The Australian wasn’t content to publish Phil Chapman’s silly ice-age article, but also published a news story that treated it like a legitimate scientific paper. Now, instead of publishing a correction to Chapman’s falsehoods from a climate scientist they have an article by Christopher Pearson. Even though it was the Australian which published Chapman’s piece a few days earlier, almost half of Pearson’s article was a quote or paraphrase of Chapman.
Pearson also gives the view of climate science you get from the Australian‘s bunker:
What a difference the intervening 15 months has made. In recent weeks, articles by NASA’s Roy Spencer and Bjorn Lomborg and an interview with the Institute of Public Affairs’ Jennifer Marohasy have undermined that confident Anglosphere consensus. On Amazon.com’s bestseller list this week, the three top books on climate are by sceptics: Spencer, Lomborg and Fred Singer.
Archbishop of Sydney George Pell, a shrewd cleric who knows a dodgy millennial cult when he sees one, has persisted in his long-held critique despite the climate change alarmism of his brother bishops.
Even Don Aitkin, former vice-chancellor of the University of Canberra, whom I’d previously been tempted to write off as a slave to political correctness, outed himself the other day as a thoroughgoing sceptic.
So, if your only source of information about climate science was the Australian rather than scientific publications, you end up thinking that global warming is a theory in crisis.

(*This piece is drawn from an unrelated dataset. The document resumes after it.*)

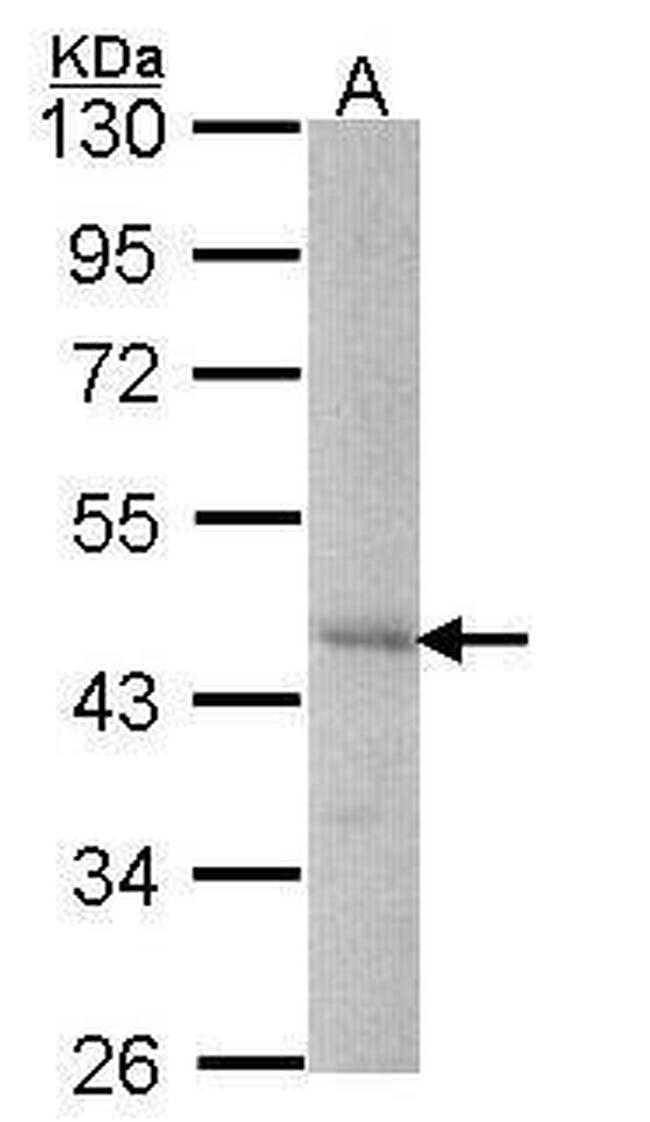 DYX1C1 Antibody in Western Blot (WB)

Pearson generously offers some advice to Prime Minsiter Kevin Rudd:
In Australia, Rudd Labor’s political legitimacy is inextricably linked to its stance on climate change. If the Prime Minister wants a second term, he’ll probably have to start “nuancing his position”, as the spin doctors say, and soon.
A variation on J.M. Keynes’s line – “when the facts change, I change my mind” – admitting that the science is far from settled and awaiting further advice, would buy him time without necessarily damaging his credibility.
Taking an early stand in enlightening public opinion would be a more impressive act of leadership. While obviously not without risk and downside, it would make a virtue out of impending necessity and establish him, in Charles de Gaulle’s phrase, as a serious man.
Apparently the mark of a serious man is to tear up his election promises and ignore the best scientific evidence. Who knew?
Incidently, Chapman and Pournelle were involved in the push for Reagan’s Strategic Defense Initiative and have gone on into AGW denial, just as the George C. Marshal Institute did.